I’m exaggerating a bit (I hope), but posts almost like this have crept into our social media. In the current “Nursing Spectrum” (8/22/11), Kathleen Pagana, RN, PhD, offers a CE program addressing the “risks of social networks as they break down the walls separating our personal and professional lives.” (p. 21) In particular, Pagana addresses ways health care professionals on Facebook can violate the HIPAA privacy Rule and/or hospital policies.
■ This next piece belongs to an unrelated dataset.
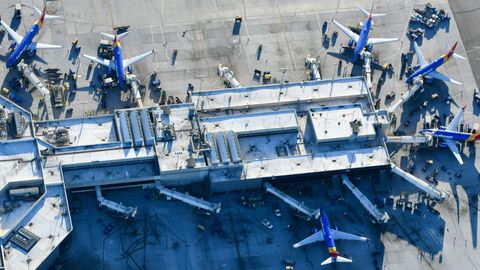 Los retrasos y encallamientos de vuelos en EE.UU. entran en la cuarta semana, lo que profundiza la confusión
If you haven’t reviewed HIPAA lately, now’s the time to do it.  And if you haven’t reviewed your hospital polices regarding your use of social media, now’s the time to do it. BEFORE you write your next Facebook post about what happened at work.

Lawsuits are waiting to happen.  Firings are in the wings.

As I read the article, the word CONFIDENTIALITY scrolled rapidly across my mind. How many times have we heard that word in our nursing programs, in our orientations, and in our jobs?

I’ve had CONFIDENTIALITY drummed into me by my professors at every level of my education, and, in turn, I’ve drummed it into my hundreds of students. NEVER discuss patients on an elevator. NEVER discuss patients when you’re in the cafeteria. NEVER discuss patients with your family and friends.

And, in today’s technology, we have to add, NEVER discuss patients on Facebook. Just think your FRIEND, or your FRIEND’s FRIEND, or your employer, could put pieces together and identify your place of work, your shift, your patient! Think of what damage you could do to your patient. And to yourself.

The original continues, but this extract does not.